WORK INSTRUCTION —
Among the entries below, one line contains "Tại sao CEO Intel phải xin từ chức?" and another contains "8 Inch Full". Transcribe those two lines and every line between them, exactly.

RECORDS FOR THE TASK —
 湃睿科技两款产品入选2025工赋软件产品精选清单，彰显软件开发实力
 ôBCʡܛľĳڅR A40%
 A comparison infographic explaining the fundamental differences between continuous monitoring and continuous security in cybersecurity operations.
---
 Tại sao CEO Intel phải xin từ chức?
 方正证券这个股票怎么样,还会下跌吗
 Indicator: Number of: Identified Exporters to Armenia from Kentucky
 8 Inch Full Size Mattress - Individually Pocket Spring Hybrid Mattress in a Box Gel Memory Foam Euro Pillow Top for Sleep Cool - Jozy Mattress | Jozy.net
* * *
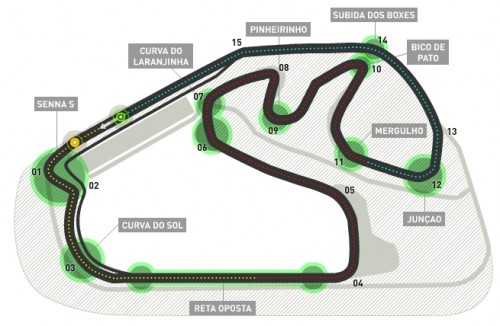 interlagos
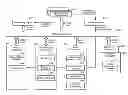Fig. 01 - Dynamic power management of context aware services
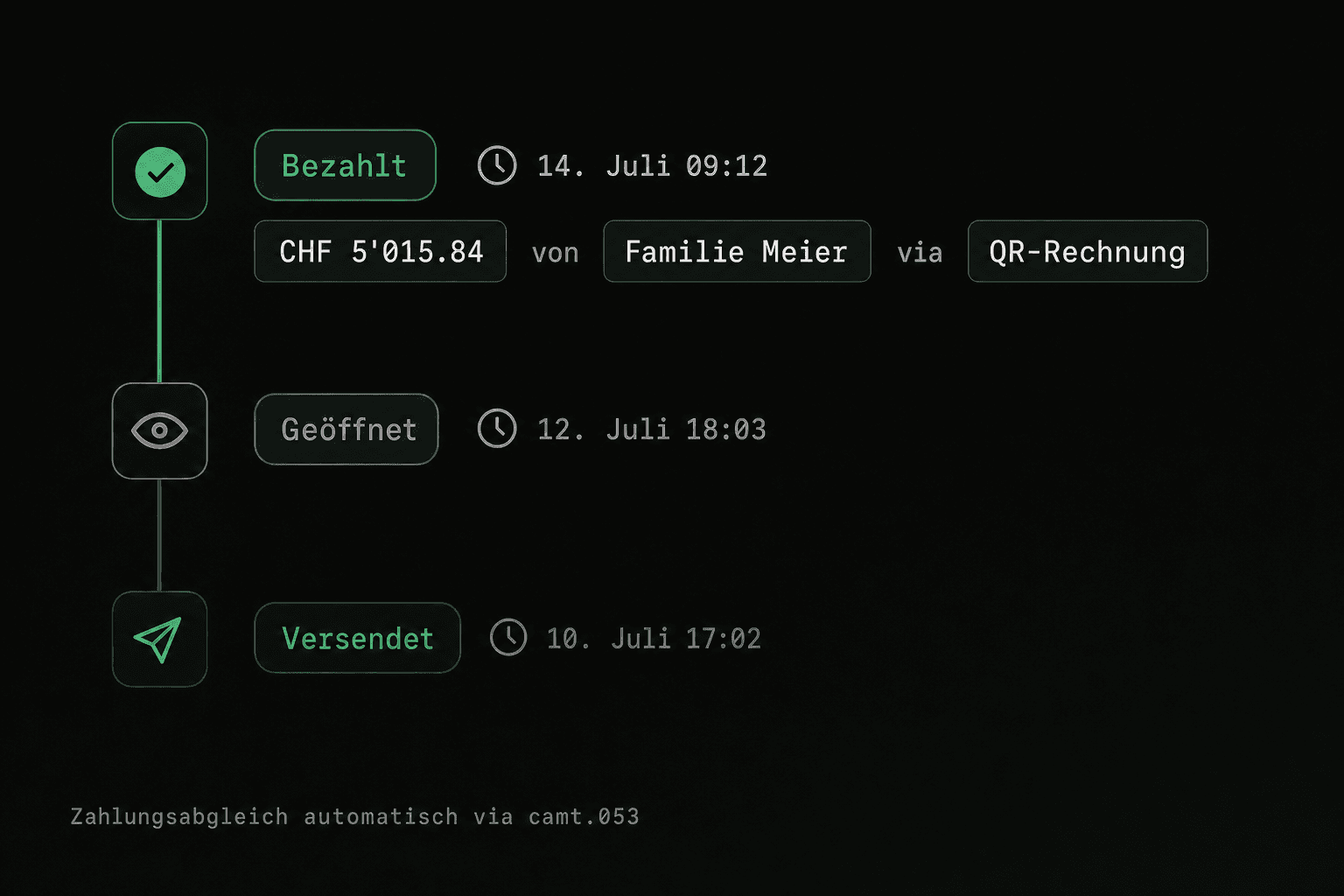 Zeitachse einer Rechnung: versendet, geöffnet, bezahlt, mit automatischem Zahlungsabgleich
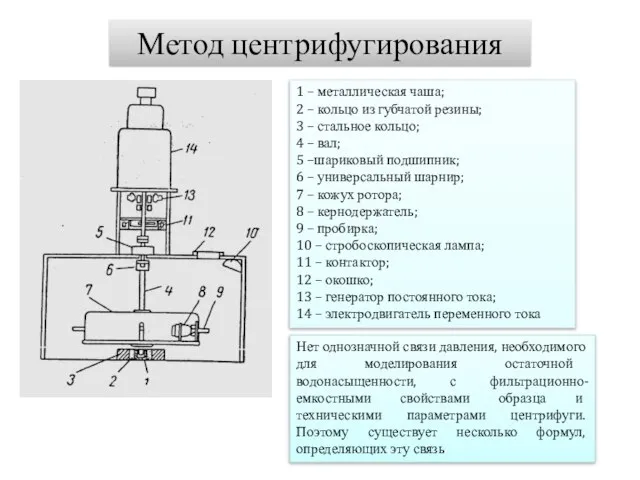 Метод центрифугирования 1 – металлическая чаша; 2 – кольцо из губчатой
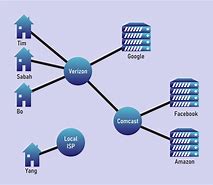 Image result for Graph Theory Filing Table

EXPECTED ANSWER —
 Tại sao CEO Intel phải xin từ chức?
 方正证券这个股票怎么样,还会下跌吗
 Indicator: Number of: Identified Exporters to Armenia from Kentucky
 8 Inch Full Size Mattress - Individually Pocket Spring Hybrid Mattress in a Box Gel Memory Foam Euro Pillow Top for Sleep Cool - Jozy Mattress | Jozy.net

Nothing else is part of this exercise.